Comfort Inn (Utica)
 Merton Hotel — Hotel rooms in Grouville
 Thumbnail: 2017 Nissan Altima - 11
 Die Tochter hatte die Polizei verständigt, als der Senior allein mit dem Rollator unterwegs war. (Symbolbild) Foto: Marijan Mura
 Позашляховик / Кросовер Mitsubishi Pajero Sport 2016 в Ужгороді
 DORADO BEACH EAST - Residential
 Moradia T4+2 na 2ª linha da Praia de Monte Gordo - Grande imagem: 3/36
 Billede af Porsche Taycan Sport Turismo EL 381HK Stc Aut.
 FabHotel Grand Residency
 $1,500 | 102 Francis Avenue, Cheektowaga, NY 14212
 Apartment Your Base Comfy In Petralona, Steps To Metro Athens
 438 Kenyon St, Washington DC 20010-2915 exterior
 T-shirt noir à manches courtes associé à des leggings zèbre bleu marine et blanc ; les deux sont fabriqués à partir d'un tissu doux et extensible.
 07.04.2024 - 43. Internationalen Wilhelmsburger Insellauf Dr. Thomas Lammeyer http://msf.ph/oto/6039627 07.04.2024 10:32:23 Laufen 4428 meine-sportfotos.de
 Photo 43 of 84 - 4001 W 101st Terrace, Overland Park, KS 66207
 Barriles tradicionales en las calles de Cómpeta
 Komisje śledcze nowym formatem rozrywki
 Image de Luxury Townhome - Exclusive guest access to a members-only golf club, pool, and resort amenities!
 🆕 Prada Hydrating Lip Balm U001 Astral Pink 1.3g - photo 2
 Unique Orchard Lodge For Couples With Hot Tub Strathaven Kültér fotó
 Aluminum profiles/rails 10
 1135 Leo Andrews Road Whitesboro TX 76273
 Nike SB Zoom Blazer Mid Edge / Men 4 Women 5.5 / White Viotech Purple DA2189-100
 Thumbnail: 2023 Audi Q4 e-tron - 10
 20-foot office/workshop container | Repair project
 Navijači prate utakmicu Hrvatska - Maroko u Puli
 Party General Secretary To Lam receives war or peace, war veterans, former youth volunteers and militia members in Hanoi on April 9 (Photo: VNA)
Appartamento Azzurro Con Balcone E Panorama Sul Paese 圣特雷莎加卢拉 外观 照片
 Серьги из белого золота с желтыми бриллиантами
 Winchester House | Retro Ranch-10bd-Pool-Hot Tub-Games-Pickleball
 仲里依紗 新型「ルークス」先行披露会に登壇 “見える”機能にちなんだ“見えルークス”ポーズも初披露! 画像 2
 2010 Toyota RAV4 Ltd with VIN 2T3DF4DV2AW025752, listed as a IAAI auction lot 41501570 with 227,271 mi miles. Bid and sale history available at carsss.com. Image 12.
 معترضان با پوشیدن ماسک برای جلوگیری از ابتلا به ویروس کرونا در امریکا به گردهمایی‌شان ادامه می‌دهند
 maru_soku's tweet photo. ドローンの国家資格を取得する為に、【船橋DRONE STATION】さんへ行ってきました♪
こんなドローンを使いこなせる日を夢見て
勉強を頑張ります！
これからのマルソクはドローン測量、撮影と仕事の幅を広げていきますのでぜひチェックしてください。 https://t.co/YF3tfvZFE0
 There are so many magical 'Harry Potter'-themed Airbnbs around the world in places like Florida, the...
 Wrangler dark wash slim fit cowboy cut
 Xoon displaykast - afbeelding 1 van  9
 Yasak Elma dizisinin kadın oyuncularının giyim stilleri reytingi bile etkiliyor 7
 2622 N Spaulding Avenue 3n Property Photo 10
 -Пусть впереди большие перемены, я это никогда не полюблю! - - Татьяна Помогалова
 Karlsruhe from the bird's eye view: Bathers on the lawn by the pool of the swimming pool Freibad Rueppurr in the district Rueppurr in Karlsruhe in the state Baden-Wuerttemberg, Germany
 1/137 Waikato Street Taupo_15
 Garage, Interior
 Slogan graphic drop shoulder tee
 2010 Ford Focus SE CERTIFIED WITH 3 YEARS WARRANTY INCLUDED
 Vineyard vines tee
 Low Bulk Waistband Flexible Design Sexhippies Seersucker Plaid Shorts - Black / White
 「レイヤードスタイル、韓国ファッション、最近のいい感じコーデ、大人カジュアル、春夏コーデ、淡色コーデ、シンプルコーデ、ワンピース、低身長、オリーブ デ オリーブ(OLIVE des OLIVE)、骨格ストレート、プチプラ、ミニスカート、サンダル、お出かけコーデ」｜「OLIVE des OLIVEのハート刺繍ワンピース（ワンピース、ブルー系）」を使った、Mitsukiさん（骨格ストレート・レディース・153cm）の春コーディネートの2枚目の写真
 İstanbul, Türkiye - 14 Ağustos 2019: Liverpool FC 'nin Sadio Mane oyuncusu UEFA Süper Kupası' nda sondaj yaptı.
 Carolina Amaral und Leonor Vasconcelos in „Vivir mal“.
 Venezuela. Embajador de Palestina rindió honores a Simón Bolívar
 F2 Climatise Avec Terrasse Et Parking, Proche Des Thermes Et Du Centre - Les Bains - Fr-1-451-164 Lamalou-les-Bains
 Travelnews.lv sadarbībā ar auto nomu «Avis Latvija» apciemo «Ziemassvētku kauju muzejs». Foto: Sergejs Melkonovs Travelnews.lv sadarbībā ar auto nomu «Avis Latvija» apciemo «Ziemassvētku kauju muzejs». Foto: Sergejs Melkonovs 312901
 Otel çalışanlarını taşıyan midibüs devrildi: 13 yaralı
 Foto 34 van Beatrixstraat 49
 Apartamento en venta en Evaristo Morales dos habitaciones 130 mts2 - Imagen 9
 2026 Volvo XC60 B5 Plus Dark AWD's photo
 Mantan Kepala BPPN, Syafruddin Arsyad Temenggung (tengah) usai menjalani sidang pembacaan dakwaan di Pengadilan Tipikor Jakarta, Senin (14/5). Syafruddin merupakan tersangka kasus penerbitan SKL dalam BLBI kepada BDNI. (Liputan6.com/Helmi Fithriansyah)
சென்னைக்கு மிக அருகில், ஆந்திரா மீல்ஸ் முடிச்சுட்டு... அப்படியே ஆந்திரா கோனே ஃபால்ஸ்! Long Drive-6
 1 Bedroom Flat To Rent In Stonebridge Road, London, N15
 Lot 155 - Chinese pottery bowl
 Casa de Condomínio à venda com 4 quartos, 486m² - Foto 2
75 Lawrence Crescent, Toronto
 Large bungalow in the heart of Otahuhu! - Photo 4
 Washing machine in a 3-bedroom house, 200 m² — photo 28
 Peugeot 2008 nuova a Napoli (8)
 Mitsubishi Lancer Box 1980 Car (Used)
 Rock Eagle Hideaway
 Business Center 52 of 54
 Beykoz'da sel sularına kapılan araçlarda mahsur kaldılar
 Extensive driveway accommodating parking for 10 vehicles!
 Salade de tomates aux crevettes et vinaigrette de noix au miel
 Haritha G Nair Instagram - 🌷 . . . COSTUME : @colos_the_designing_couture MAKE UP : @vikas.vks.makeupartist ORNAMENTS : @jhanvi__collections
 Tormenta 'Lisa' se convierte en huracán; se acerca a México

WORK INSTRUCTION >>
In the records above, find the line with "Wrangler dark wash slim fit cowboy cut"; write out exactly that line and each one after it, stopping after the line with "2010 Ford Focus".

WRITTEN ANSWER >>
 Wrangler dark wash slim fit cowboy cut
 Xoon displaykast - afbeelding 1 van  9
 Yasak Elma dizisinin kadın oyuncularının giyim stilleri reytingi bile etkiliyor 7
 2622 N Spaulding Avenue 3n Property Photo 10
 -Пусть впереди большие перемены, я это никогда не полюблю! - - Татьяна Помогалова
 Karlsruhe from the bird's eye view: Bathers on the lawn by the pool of the swimming pool Freibad Rueppurr in the district Rueppurr in Karlsruhe in the state Baden-Wuerttemberg, Germany
 1/137 Waikato Street Taupo_15
 Garage, Interior
 Slogan graphic drop shoulder tee
 2010 Ford Focus SE CERTIFIED WITH 3 YEARS WARRANTY INCLUDED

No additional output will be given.